Supplied material: Begin
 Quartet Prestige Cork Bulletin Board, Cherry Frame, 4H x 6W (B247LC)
Supplied material: End
Supplied material: Begin
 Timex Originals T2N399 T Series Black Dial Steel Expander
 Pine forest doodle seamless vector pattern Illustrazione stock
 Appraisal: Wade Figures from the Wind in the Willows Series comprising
Supplied material: End
[Exercise objective]:
In the entries above, the lines between the one holding "Timex Originals T2N399" and the one holding "Appraisal: Wade Figures", inclusive, are to be printed exactly as written, and those alone.

[Solution for this problem]:
 Timex Originals T2N399 T Series Black Dial Steel Expander
 Pine forest doodle seamless vector pattern Illustrazione stock
 Appraisal: Wade Figures from the Wind in the Willows Series comprising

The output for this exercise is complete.